Credit Suisse’s Strategic Partners group expanded its focus while fundraising for its fifth secondary fund, visiting regions of the world like Asia where it had not traditionally looked for capital.
While the team got some contributions in Fund V from limited partners outside the US, it did lay a foundation for relationship building that it hopes will translate into commitments to future funds, according to Stephen Can, global head of the bank’s Strategic Partners group.
“We spent time in Europe, in the Middle East and we’re starting to make relationships in Asia and other parts of the world,” Can told Private Equity International during an interview Wednesday. “We’ve done a lot of work for future funds; as you see different [institutions] in different countries develop and they start to move into alternatives, secondaries are a great way to start and enhance alternative investment programmes.”
Credit Suisse announced Wednesday it closed its fifth secondaries fund on $2.9 billion. The fund will focus on investments in buyout, real estate and venture capital funds.

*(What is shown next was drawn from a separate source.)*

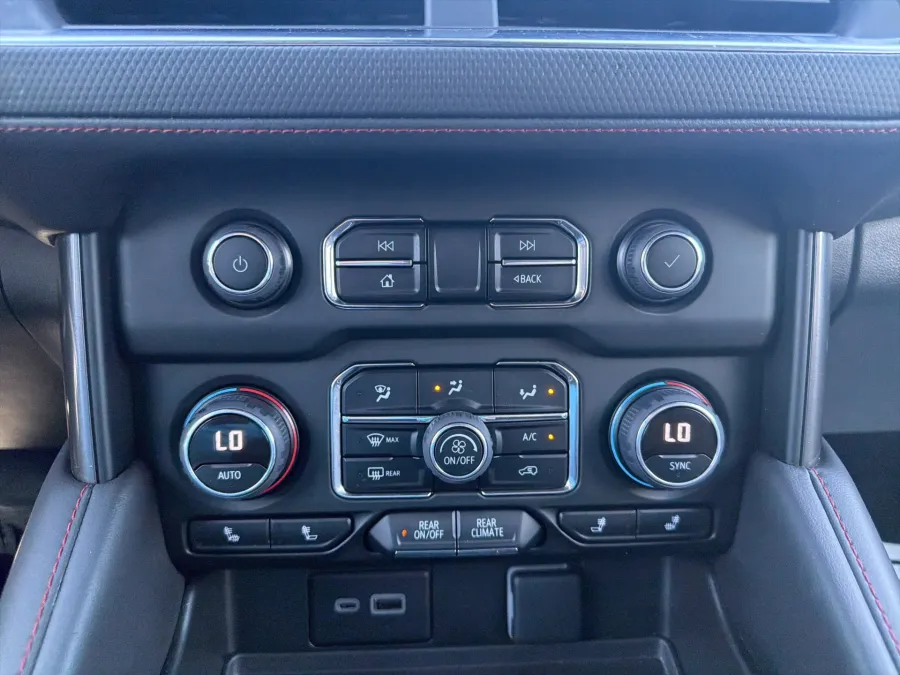 2023 Chevrolet Tahoe RST | Photo 19 of 23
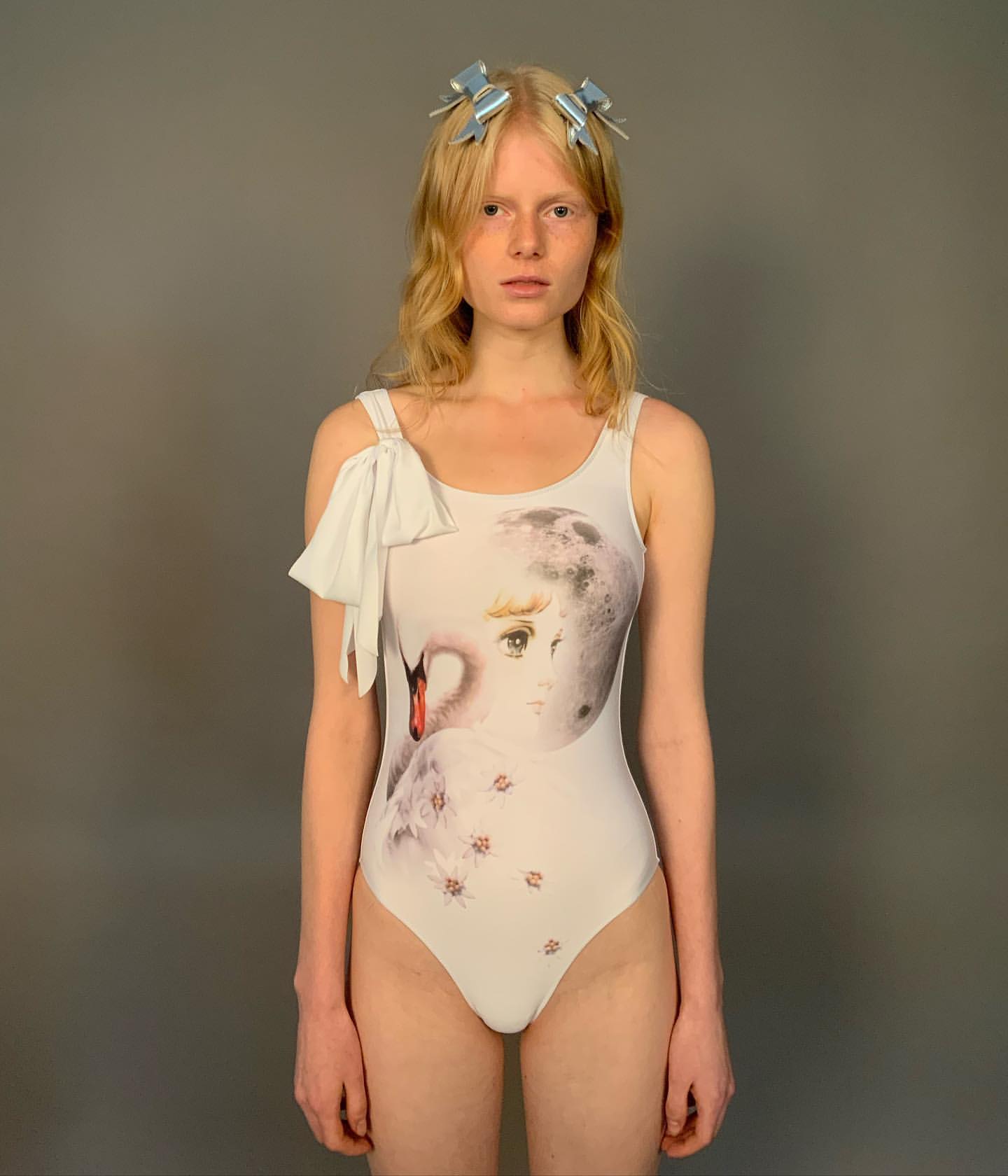 Liva Bathingsuit | Swan girl + bow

Fundraising took about a year, Can said, and the fund is about 10 percent bigger than the fourth fund, which closed on about $2.5 billion in 2009. The Strategic Partners team was assisted in fundraising by an internal marketing group that works on Credit Suisse specific funds, which is separate from the bank’s third party placement agency, which raises external funds.
Credit Suisse and the Strategic Partners team contributed an about 3 percent commitment to the fund, which was lower than the historic 5 percent contribution because of the Dodd-Frank financial reform rules. Under Dodd-Frank, the so-called Volcker rule restricts financial institutions from investing more than 3 percent of its Tier 1 capital in private equity.
The team offered some sweetened terms in Fund V. Strategic Partners employed a “European-style” waterfall distribution scheme in Fund IV, in which the GP only started to collect carried interest after LPs were paid back committed capital plus an 8 percent preferred return.
For Fund V, the team enhanced the distribution scheme to include not only all committed capital, but all fees and fund expenses as well that must be returned to LPs, plus the 8 percent preferred return, before the GP starts to collect carried interest.
“That’s as full as you can get and we just pushed everything over to that side and made sure LPs got as friendly as terms in that regard as they can imagine,” Can said. “We read the [Institutional Limited Partners Association] document and we had some early discussions with our LPs and we just made a decision early-on that they’re our partners, the community wants this and we’ll do it.”
The team started investing Fund V last year and has a loaded deal pipeline, Can said. Strategic Partners averages about $15 million per deal, but looks for investments that could go as high as $500 million, Can said. The team, except by great exception, will not go higher than 10 percent of the fund for any one deal, he said.
The team brings fresh capital into what could be the busiest-ever year for the secondary market. Market professionals have predicted total deal volume could exceed last year’s record total of about $25 billion. Sellers on the market include financial institutions in the US and Europe unloading private equity assets because of regulations, and public pension systems actively managing their private equity portfolios to cut down the number of GP relationships. Also, hedge funds that loaded up on illiquid assets in the credit bubble years have also been selling stakes in funds over the past few years.
Buyers and sellers should be pretty close in expectations on price, Can said, unless “impaired” assets are for sale. “On impaired assets, you’ll see the widest spreads [between buyer and seller expectations],” Can said.
The Strategic Partners team is working on 35 deals and has about 50 potential transactions in the pipeline, Can said. Buyers love when product is plentiful, Can said.
“We’re busy … as a buyer you can’t be any happier,” he said.
However, the team sets a price and sticks to it, and won’t “play games” on changing the price, he said.
“We’re firm on price. We transact, we don’t re-trade. We have a price and if that’s not a price that works for the seller, then it doesn’t work,” he said. “It makes life easier and more efficient all around once you get that reputation in the market.”